Automatique

D’abord il y a eu ce matin, vers 9h, peut-être un peu avant, je dormais fort, parce que ma nuit a commencé vers 6h, alors tu vois vraiment je dormais, alors quand ça sonne à la porte et que ca tambourine, je me dis que le facteur est énervé, et que vraiment, c’est pas le moment, alors avec le chat, on reste sous la couette et on se dit qu’on ira chercher le recommandé au guichet, comme ça, parce qu’on a pas envie de se faire chier la bite à encadrer un employé des PTT mal réveillé. Seulement ca s’arrêtait pas, alors je me suis levée, et comme je dors à poil, j’étais emmerdée, j’aime pas m’habiller, alors j’ai mis une robe, un pull de marin et comme c’était trop tard pour me coiffer, j’ai mis le bonnet en laine qui trainait sur la porte d’entrée, enfoncé par dessus les oreilles en mode couvre chef de l’extrême, je devais être super jolie, vraiment, une beauté.

J’ouvre la porte, et là, y’a trois personnes, un grand tout maigre, un petit gros et puis une fille un peu vieille et un peu moche, le grand me dit qu’il est huissier, et que je dois beaucoup d’argent au Trésor Public et qu’il va devoir sévir, alors comme j’ai pas vraiment peur des huissiers, rapport à ce que j’ai pas grand chose de toutes façons, je leur ai dit de rentrer, et puis avec Monsieur Ramirez de la trésorerie, on s’était mis d’accord, que je lui dis, à l’huissier et aux deux autres qui restent derrière lui comme si j’allais frapper le grand maigre à coup de casserole ou de sac poubelle rempli, ils avaient pas l’air rassurés. Il fait le tour avec ses yeux, c’est là qu’on voit que c’est un grand professionnel de sa profession, il a même pas fait un pas en avant pour s’assurer d’un panorama plus avancé, il a fait le tour du salon avec ses petits yeux bleus plissés, il m’a demandé combien ca coutait ma télé, j’ai dit je sais pas, parce que d’abord elle est pas à moi, et j’ai cherché la facture dans le tiroir de l’entrée, ca l’a calmé, le grand blond avec ses petits yeux qui savent chercher.

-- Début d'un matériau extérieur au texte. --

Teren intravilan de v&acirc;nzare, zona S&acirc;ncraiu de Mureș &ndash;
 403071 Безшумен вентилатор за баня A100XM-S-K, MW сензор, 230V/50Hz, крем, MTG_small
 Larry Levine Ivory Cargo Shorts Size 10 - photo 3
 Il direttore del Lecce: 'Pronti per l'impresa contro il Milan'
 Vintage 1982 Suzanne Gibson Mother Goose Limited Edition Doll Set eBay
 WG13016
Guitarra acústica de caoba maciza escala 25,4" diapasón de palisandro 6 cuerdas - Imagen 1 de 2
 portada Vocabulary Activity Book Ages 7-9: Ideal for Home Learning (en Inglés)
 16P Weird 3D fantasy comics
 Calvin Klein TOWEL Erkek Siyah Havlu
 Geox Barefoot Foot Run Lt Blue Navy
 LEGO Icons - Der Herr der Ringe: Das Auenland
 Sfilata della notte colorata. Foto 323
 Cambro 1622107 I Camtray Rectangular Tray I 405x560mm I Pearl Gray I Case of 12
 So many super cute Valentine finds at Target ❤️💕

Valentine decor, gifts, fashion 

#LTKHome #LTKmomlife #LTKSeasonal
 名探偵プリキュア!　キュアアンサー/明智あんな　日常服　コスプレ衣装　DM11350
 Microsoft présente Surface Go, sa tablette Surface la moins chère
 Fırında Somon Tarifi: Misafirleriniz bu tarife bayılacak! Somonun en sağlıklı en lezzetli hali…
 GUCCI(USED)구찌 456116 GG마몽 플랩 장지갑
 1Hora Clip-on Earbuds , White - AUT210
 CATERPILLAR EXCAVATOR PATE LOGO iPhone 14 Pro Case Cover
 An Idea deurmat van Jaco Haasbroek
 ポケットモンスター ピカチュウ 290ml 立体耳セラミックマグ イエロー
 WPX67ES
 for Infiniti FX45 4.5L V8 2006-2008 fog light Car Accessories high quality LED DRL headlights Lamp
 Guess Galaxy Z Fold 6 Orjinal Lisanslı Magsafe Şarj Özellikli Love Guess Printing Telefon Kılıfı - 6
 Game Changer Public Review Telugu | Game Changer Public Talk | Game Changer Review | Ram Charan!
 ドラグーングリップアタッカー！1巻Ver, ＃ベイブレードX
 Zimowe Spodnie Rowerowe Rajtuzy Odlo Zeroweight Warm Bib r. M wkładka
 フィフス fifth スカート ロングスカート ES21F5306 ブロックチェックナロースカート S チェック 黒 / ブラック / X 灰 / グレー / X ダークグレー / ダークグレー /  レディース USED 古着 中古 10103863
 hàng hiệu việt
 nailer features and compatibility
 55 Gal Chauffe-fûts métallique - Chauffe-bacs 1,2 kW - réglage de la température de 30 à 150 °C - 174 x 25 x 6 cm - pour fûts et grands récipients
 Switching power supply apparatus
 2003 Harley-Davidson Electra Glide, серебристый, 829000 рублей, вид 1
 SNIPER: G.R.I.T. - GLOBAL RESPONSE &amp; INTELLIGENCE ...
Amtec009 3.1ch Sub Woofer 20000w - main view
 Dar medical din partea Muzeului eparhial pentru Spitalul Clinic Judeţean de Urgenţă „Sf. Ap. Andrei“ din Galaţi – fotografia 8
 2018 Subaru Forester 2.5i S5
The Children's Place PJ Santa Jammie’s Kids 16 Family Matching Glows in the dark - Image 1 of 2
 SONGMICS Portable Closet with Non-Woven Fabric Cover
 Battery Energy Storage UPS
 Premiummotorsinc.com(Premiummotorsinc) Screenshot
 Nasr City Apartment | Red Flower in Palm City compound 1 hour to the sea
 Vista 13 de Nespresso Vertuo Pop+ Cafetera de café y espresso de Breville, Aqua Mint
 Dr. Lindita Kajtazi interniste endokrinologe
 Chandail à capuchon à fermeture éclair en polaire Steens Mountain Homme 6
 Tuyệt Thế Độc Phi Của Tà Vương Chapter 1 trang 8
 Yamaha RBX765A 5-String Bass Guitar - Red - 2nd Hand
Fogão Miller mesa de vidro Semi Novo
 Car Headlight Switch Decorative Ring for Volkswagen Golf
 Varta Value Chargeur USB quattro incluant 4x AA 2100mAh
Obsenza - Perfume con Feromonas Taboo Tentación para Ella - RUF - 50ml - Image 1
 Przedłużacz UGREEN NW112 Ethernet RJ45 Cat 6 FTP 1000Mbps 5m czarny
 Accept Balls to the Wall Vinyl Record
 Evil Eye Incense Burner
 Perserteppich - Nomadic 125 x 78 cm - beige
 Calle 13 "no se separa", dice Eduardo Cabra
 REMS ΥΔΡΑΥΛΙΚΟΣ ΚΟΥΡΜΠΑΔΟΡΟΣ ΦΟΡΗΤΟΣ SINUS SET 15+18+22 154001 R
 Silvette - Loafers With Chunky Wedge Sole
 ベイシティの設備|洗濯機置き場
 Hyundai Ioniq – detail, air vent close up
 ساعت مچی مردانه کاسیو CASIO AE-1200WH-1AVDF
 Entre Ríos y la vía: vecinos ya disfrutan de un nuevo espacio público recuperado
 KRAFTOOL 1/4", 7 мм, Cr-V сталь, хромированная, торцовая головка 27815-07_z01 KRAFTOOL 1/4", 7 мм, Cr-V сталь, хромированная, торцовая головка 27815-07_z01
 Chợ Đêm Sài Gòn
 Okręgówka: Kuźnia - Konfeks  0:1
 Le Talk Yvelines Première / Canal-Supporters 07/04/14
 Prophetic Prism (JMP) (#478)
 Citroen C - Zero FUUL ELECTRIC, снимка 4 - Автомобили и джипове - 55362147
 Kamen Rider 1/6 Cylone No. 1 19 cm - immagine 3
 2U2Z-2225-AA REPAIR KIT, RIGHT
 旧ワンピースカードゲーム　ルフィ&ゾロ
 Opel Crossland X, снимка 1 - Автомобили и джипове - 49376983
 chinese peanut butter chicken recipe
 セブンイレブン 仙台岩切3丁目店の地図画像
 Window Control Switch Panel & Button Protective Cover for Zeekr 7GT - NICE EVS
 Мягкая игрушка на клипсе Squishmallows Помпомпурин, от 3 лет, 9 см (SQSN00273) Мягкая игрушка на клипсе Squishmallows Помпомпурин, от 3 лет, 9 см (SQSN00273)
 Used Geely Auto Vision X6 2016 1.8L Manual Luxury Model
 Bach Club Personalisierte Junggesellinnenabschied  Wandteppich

Ca a duré quelques minutes, il a même pas voulu que je lui montre les toilettes ou la salle de bain ou même la pièce du fond du couloir où il n’y a rien, à croire que la vision dévastée de mon salon de pauvre l’avait dégouté, il m’a filé des papiers, et le plus marrant c’est que sur ces papiers, y’a la liste des trucs qu’ils pourraient saisir, si jamais Mr Ramirez décidait qu’il en avait assez de transiger. Sur la liste y’a marqué : ITEM 1 : un lot de DVD. J’aurai du lui expliquer que j’avais un ordinateur et que Hadopi, bon, comment dire, j’avais pas trop peur, et que j’avais cent fois plus de films dans mon ordinateur, d’ailleurs il a pas noté mon ordinateur, il est tout neuf pourtant, à croire que lui aussi est atteint de laideur post pauvreté, même l’huissier n’a pas voulu l’emporter. Après ça, je me suis recouchée, mais j’ai eu du mal à m’endormir, parce que je savais qu’il fallait que j’appelle Mr Ramirez, et qu’il m’énerve, avec son air condescendant et son petit bouc à poils écartés et transparents, on dirait qu’il y a trop de peau sur son menton et qu’il va tomber.

Après j’ai tapé des trucs dans Google et j’ai vu que des gens de ma famille, comme des grands-pères, étaient morts, et comme j’étais un peu triste, j’ai juste essayé de continuer à respirer, ca m’a bien pris trois heures pour y arriver pour de vrai.